Search code examples
c++algorithmmathdata-structureshamming-distance

Data structure for Hamming cube


I have a Hamming cube, of general dimension, but in practice, usually, the dimension ranges from 3 to 6.

The search algorithm is:

Input: any vertex, `v`.
Find all vertices that lie in Hamming distance 1 from `v`.
Find all vertices that lie in Hamming distance 2 from `v`.
...

I do not know in advance how far away from v will I need to go. I might stop at distance 1 for example.

For instance, given this cube:

enter image description here

and v = 100, I would need to the vertices at Hamming distance 1, which are 000, 101, 110 (at any order). Then, I might need to get those in distance 2, namely 111, 001, 010. In the unlikely event of needing the vertices at distance 3 too, I Would get 011 as well.

A vertex of the cube may contain IDs (integers).

Which would be an appropriate Data structure to store this cube and efficiently search it? I am not really interested in other operations.

I thought about sorting all the bit sequences somehow, so that I can easily access them, but didn't get anything to work.


My approach so far:

Use a hashtable (specifically std::unordered_map), where the keys are the vertices and the values are the IDs.

Given a vertex v, generate all sequences of bits within Hamming distance t (i.e. 1, 2, ...).

However, this requires me to call a function every time a vertex varrives (which often happens). I have a function to achieve this, based on this.


Solution

  • I'm rusty with C++, so I'll keep this abstract.
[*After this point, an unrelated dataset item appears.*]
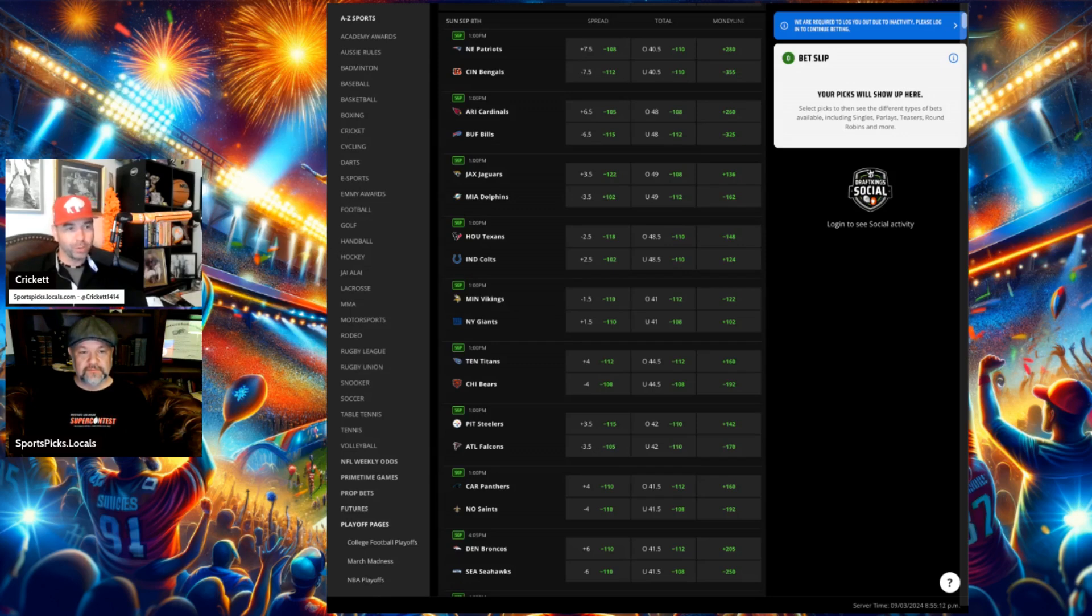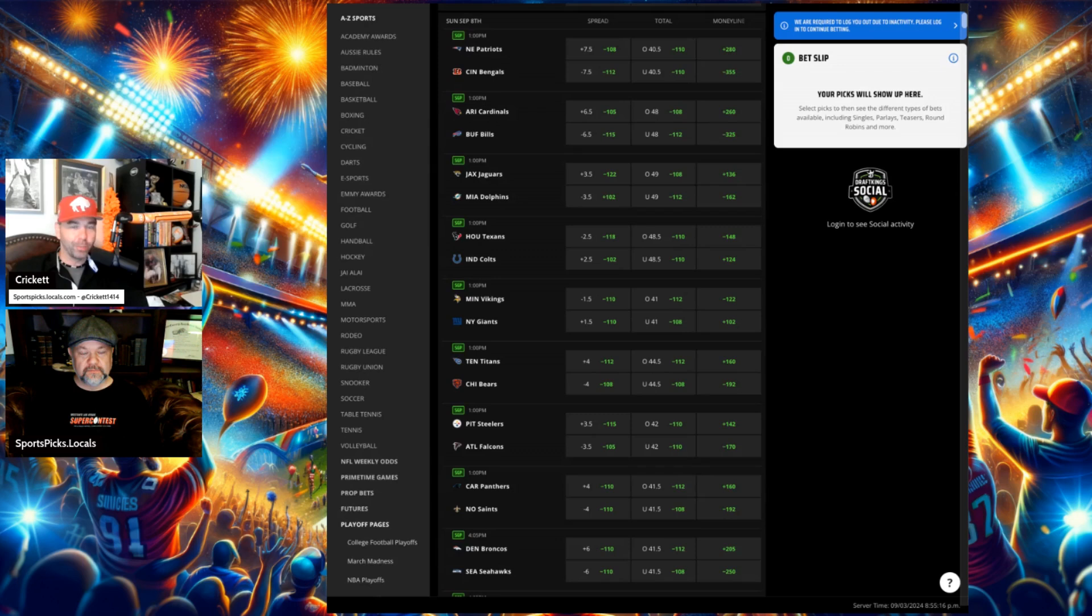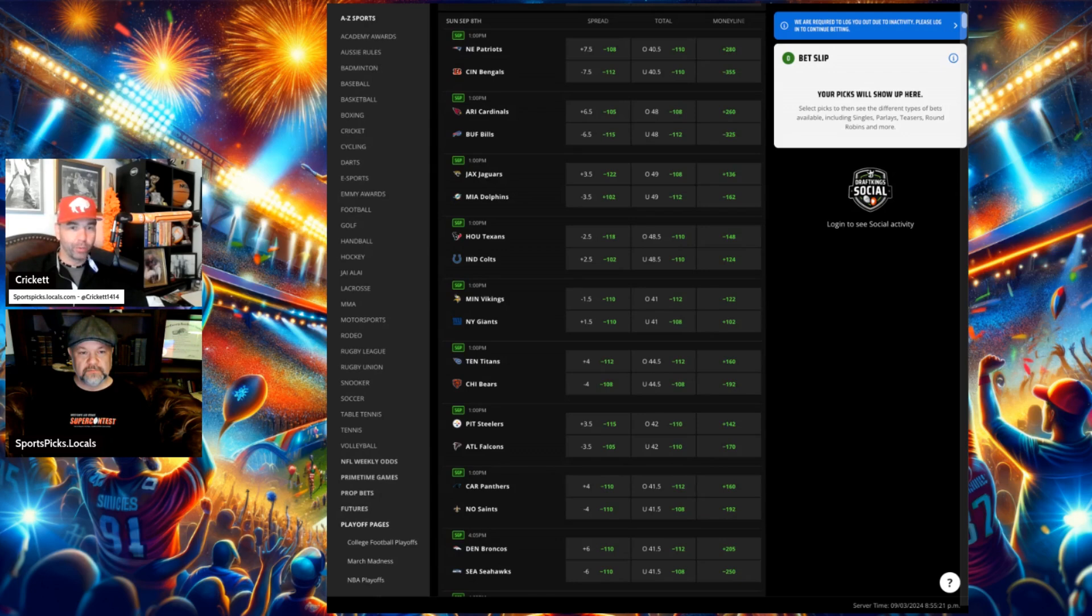What do you think about this one? You know, Patriots obviously going to start Jacoby Brissett. He's a scrappy guy. We talked about him when we talked about Gardner Minshew. We do like his resiliency there, but I don't know that he's the guy that can really handle business. He's got to go on the road to a Bengals team. Joe Burrow coming back here.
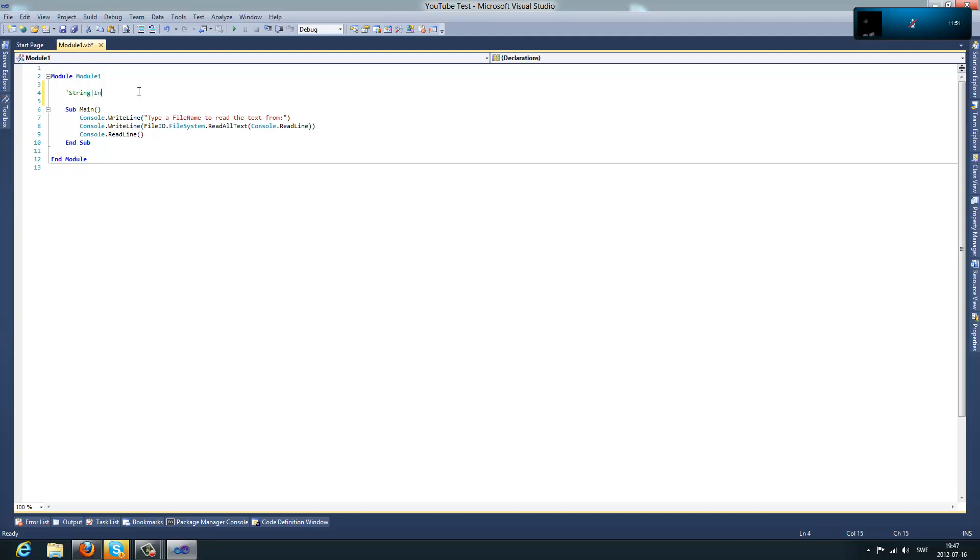So, let's say we have String and Integer and there's a pipe between those two. And let's say you want to split those, so you have String and Integer in one string.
    The neighbors of a given point of your Hamming cube are easily computable. Given a vertex's bit sequence, flip each bit individually.

    You could precompute that, though. You could cache the results of your neighbors() function, or you could save them to an array. Each vertex would have its own neighbors, so you have one array for each vertex. That gives you, essentially, your adjacency list.
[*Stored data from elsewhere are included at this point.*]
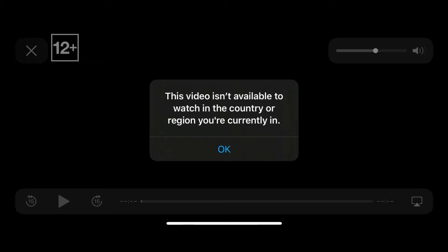Many people encounter this error a lot of times. The reason is that the content might be geo-restricted and is currently not available in your location. Some shows are geo-restricted or geo-blocked, meaning that they are not allowed for streaming in certain places in the world because of varying reasons.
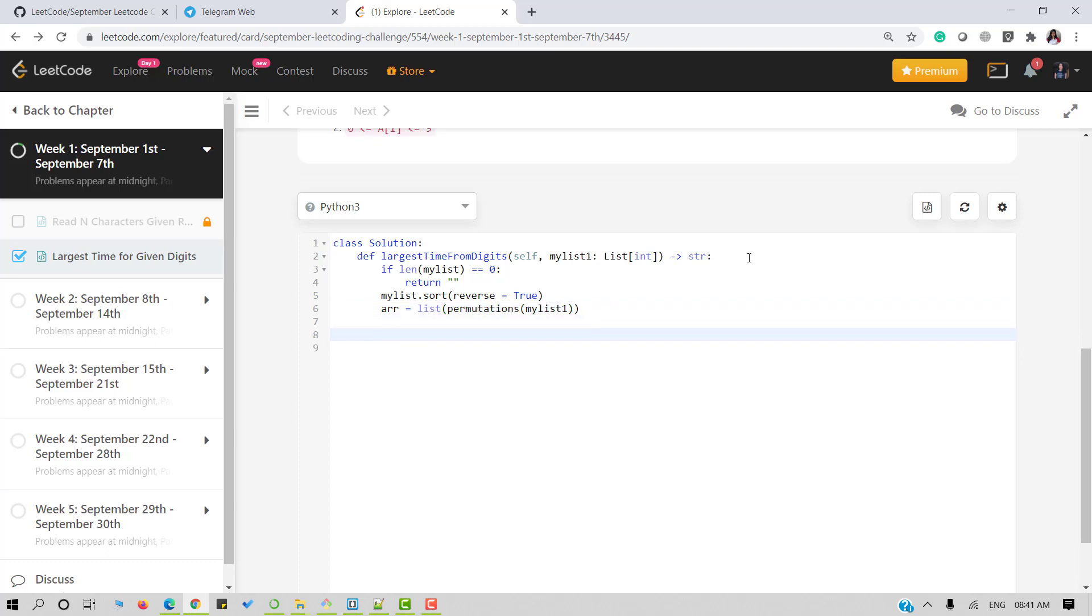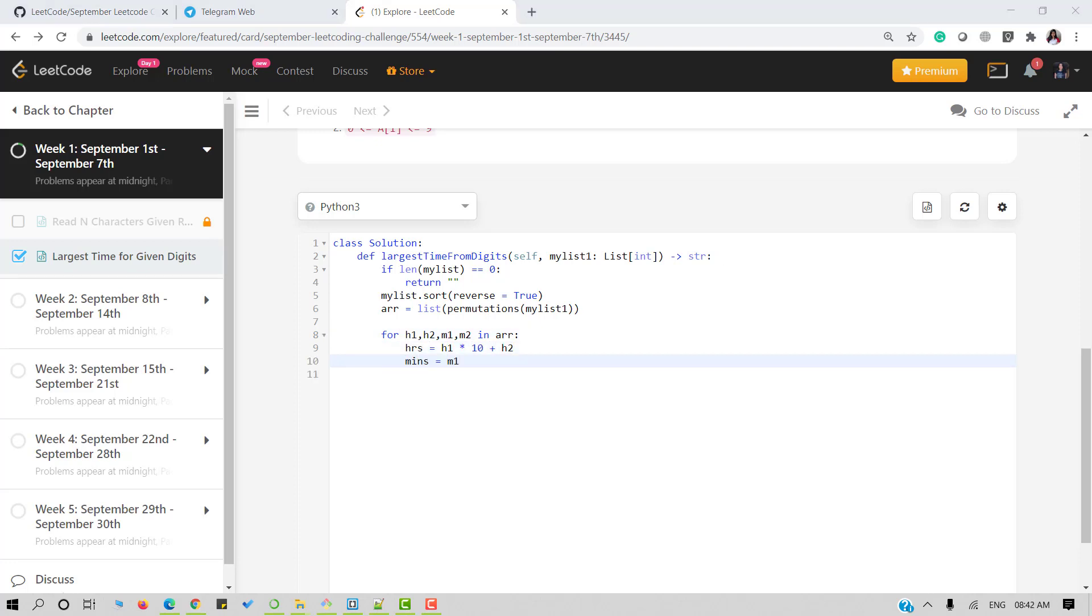Now I will use a for loop on ARR to calculate hours and minutes. For hours, we will use the first two elements of our subtuple. For minutes, we will take the last two elements of tuple. Now we will check the valid time condition. Hours should be less than 24 and minutes should be less than 60. If that holds true, we will return a valid time.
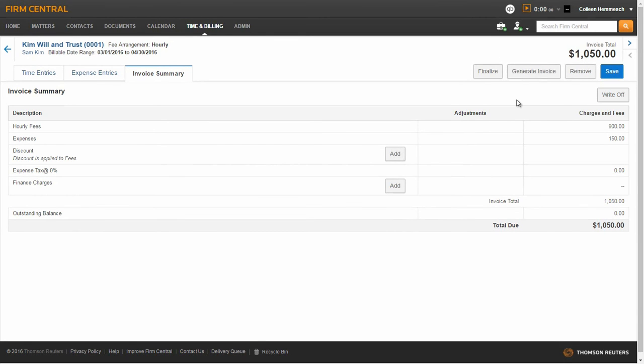Finalizing a pre-bill will change the status from pre-bill to finalized, allowing you to generate the invoice when you are ready. Selecting Generate Invoice will finalize the pre-bill and generate the invoice all in one step. All adjustments should be made before generating an invoice, as invoices are non-editable.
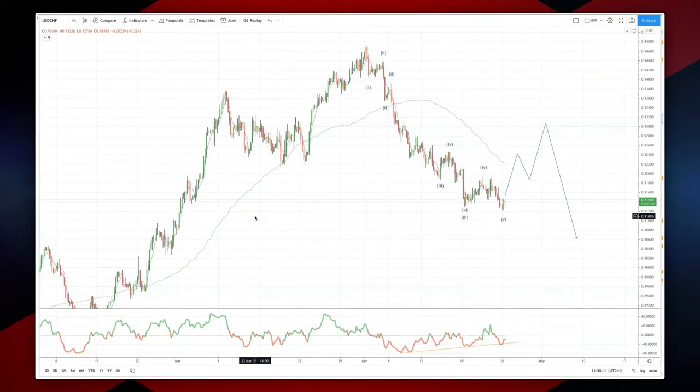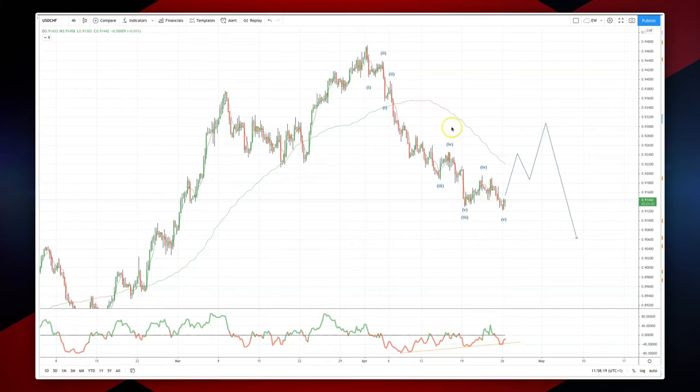Welcome traders to another intraday wave analysis session with me Patrick Munley. I want to draw your attention to the dollar index on the four-hour timeframe.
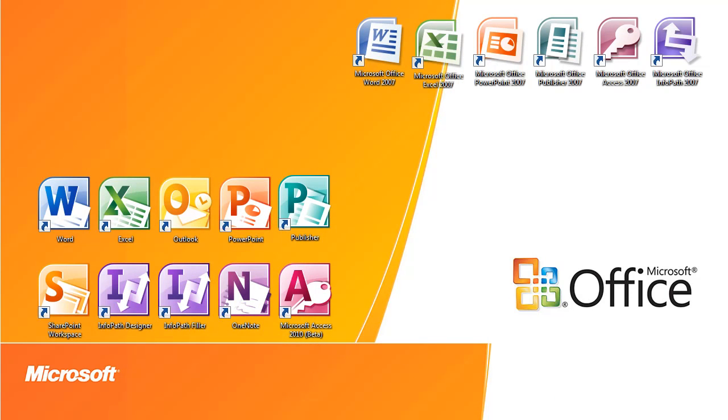Hello YouTube, this is Alpha Computing and this is a first look at Microsoft Office 2010. This is the complete suite, the beta version. I did not get the developer preview, I was not invited into that.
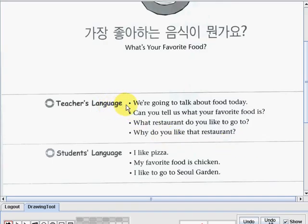So we have here the first one. Let's read: 'We're going to talk about food today. Can you tell us what your favorite food is? What restaurant do you like to go to? Why do you like that restaurant?'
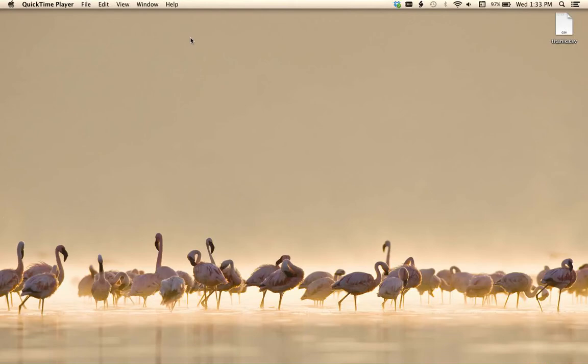Okay, I want to show you guys real quick what a CSV file is. So right here on my desktop, I've got titanic.csv.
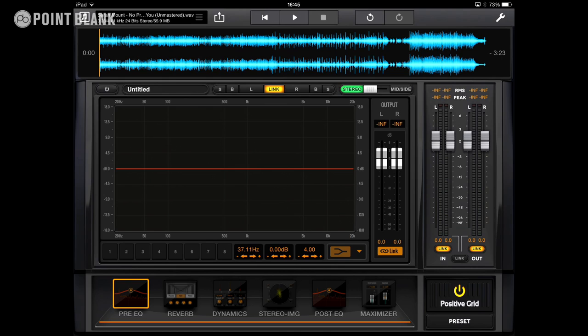So we've got a track by Sarah Mount called No Prayer For You loaded here. It's a 24-bit pre-master, so this is the finished mix, but it's completely unmastered.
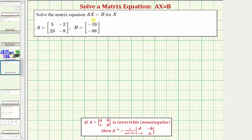We want to solve the matrix equation AX equals B for matrix X, given matrix A and matrix B. Let's first outline how we'll solve this equation for matrix X.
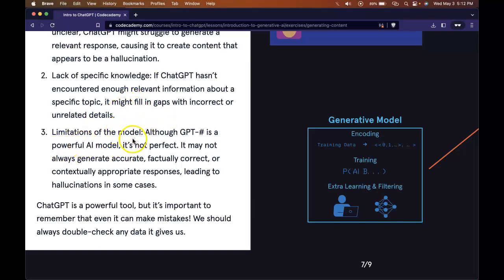Limitations of the model. Although the GPT version that you're using is a powerful AI model, it's not perfect. It may not always generate accurate, factually correct, or contextually appropriate responses, leading to hallucinations in some cases.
    With that adjacency list, you can search your Hamming cube using depth-limited search, a variant of DFS (or BFS, I guess—but space complexity is worse) that only goes k units deep.


    Your data structure is a good choice, but consider that your vertices are binary strings, so they cover all points from 0 to 2^n - 1. You might as well just use an array—lookup will still be O(1), and it'll be more compact because there aren't unused buckets sitting around.